• EXERCISE REQUIREMENTS: From the line containing "ลดเหลือ 295,000.- โปรโมชั่นพิเศษรับวันสงกรานต์" through the last line, print the records exactly and nothing else.

····················

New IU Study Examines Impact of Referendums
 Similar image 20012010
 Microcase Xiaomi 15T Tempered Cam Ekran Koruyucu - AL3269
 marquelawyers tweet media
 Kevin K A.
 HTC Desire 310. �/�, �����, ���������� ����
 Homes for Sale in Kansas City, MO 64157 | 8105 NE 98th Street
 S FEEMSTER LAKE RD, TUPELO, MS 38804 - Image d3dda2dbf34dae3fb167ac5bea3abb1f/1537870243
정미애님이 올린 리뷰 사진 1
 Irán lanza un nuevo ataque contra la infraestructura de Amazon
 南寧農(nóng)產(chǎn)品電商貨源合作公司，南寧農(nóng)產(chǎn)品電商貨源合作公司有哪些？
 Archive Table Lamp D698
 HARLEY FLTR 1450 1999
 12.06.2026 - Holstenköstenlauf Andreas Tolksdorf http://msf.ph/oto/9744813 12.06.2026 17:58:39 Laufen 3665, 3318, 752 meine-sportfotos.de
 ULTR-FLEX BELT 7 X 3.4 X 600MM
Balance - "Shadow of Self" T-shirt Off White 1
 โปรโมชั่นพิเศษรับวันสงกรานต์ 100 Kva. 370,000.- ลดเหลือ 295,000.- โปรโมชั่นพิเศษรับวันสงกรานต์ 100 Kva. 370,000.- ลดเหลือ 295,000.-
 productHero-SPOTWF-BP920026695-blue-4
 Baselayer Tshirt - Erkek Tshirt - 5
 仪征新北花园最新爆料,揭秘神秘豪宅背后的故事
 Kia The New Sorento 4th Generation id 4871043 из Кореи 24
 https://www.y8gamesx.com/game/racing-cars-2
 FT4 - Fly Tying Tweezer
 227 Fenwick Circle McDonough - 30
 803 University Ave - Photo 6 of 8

····················

• WRITTEN ANSWER:
 โปรโมชั่นพิเศษรับวันสงกรานต์ 100 Kva. 370,000.- ลดเหลือ 295,000.- โปรโมชั่นพิเศษรับวันสงกรานต์ 100 Kva. 370,000.- ลดเหลือ 295,000.-
 productHero-SPOTWF-BP920026695-blue-4
 Baselayer Tshirt - Erkek Tshirt - 5
 仪征新北花园最新爆料,揭秘神秘豪宅背后的故事
 Kia The New Sorento 4th Generation id 4871043 из Кореи 24
 https://www.y8gamesx.com/game/racing-cars-2
 FT4 - Fly Tying Tweezer
 227 Fenwick Circle McDonough - 30
 803 University Ave - Photo 6 of 8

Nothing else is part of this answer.